La responsabilidad de despejar estas dudas que quedan y de dar estas respuestas que no tenemos no la tienen los votantes, la tienen los dirigentes políticos, al menos si es que quieren seguir siendo tenidos como tales. No basta decir “debemos votar”, como tampoco basta decir “no debemos votar”, hay que ir más allá, hay que medir y ponderar todas las posibilidades y, de manera anticipada, tener listas las respuestas y las acciones a seguir tras lo que sea que ocurra el 20M.

Es una absoluta falta de respeto poner sobre los hombros de la ciudadanía, a modo de chantaje, la carga y la culpa de lo que ocurra después del 20M, tanto si se decide participar y votar como, muy especialmente, si se decide no participar y no votar. Si un importante número de electores ha decidido no votar en el evento del 20M, eso es responsabilidad del gobierno, que muchas muestras ha dado de que se limpia la parte en la que espalda pierde su nombre con lo que se logra en las elecciones, pero también de la oposición, que no ha sabido defender como corresponde los espacios ganados mediante el voto (por ejemplo, la AN, y hasta las gobernaciones y alcaldías) y que, también muchas veces, cuando ha debido luchar y mostrar los dientes, porque así lo exigían la verdad y la ciudadanía, lo que ha hecho, ante la primera amenaza roja, es replegarse y huir con el rabo entre las piernas.

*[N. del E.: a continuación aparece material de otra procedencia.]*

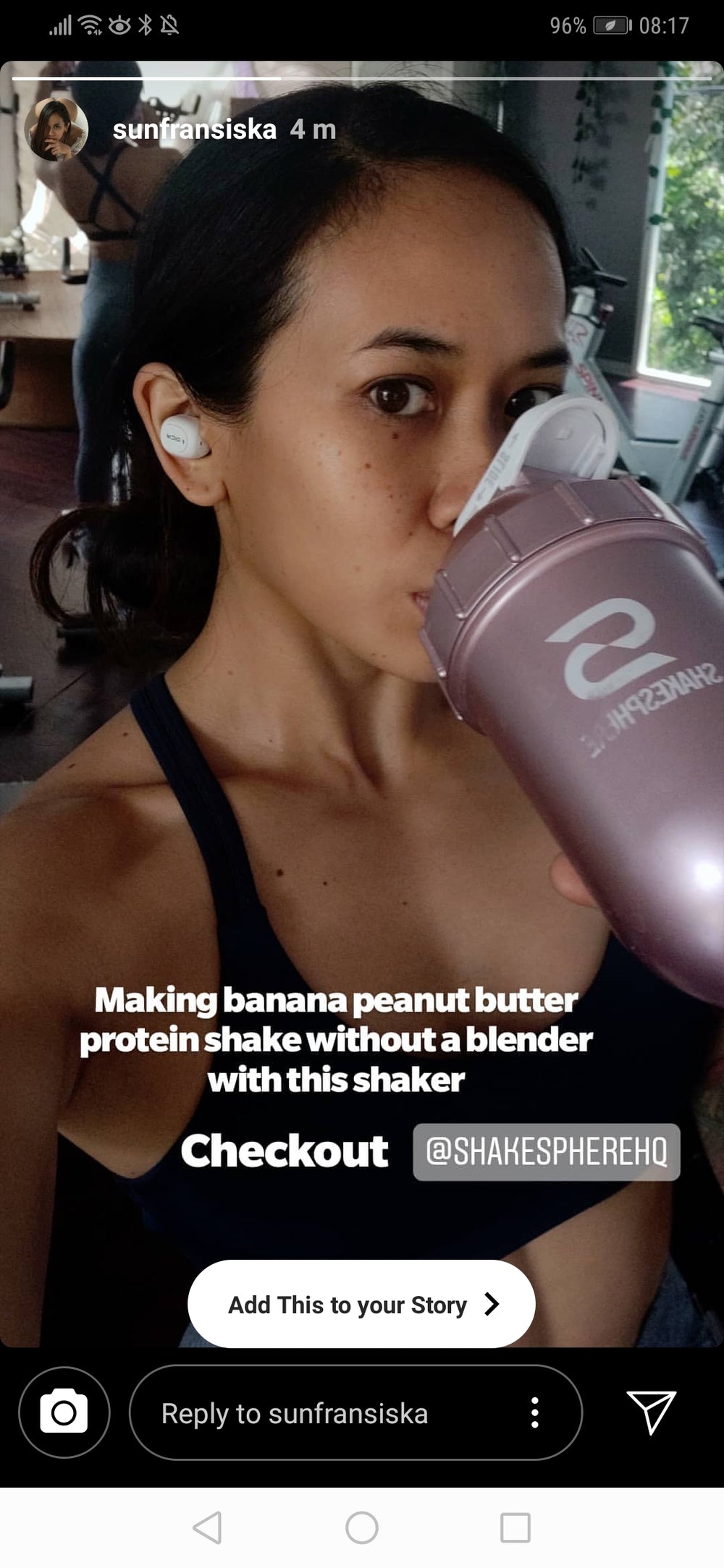 Protein shaker bottle 700mls "Tumbler Original" Rose Gold/White Logo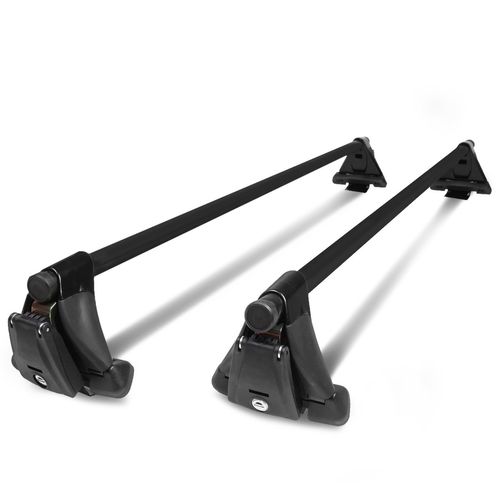 Auto Dynasty 58 inches Adjustable Bolt-on Cargo Luggage Roof Rack Bars with Mounting Brackets and Lock Keys Compatible with Genesis Coupe Forte Koup 2009-2016, Black Powdercoated
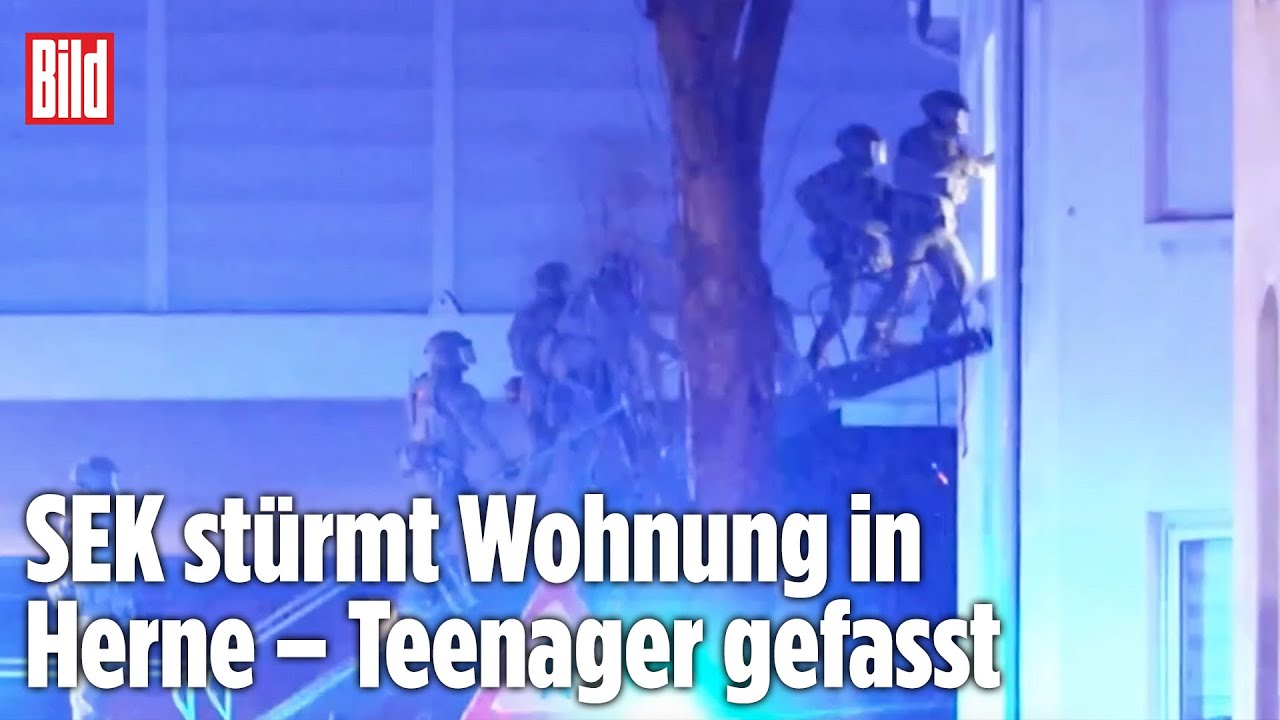 SEK-ZUGRIFF IN HERNE: Polizei stürmt Wohnung über Rampe – 16-Jähriger festgenommen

Si otros han decidido o quieren votar por las alternativas a Maduro, tampoco puede defraudárseles, hay que respetarlos y debe decírseles también claramente cuáles son las acciones y los pasos a seguir si es que el 20M se produce la derrota o un fraude masivo o si, aun ganando, como ya ha pasado, no se gana nada y todo queda en las mismas. Del que, incluso llamando vehementemente a la participación, no esté dispuesto a dejar su pellejo en la defensa de la voluntad de quienes le apoyen, y no aborde ni tome previsiones ante estas otras posibilidades, no cabe más que concluir que está puesto allí como parte de una charada a la que nadie en su sano juicio debe prestarse.

Como recurso, y ya a los efectos de nuestra decisión personal, ante la ausencia de conducción y de línea política que vaya más allá del “no votes” o de un “vota”, a los ciudadanos, a muy poco de un evento que definirá nuestro futuro próximo, no nos queda más que volver a lo básico, a lo elemental, lo cual solo podemos hacer desde la respuesta que nos demos a estas preguntas: ¿Quién quiere que votes, o que no votes? ¿Por qué quiere que votes, o que no votes? ¿Para qué, en realidad, quiere que votes, o que no votes? Y, sobre todo, tenemos que preguntarnos, para validar nuestra decisión personal, qué tiene preparado, y cómo enfrentará, cualquiera de los escenarios posibles después del 20M.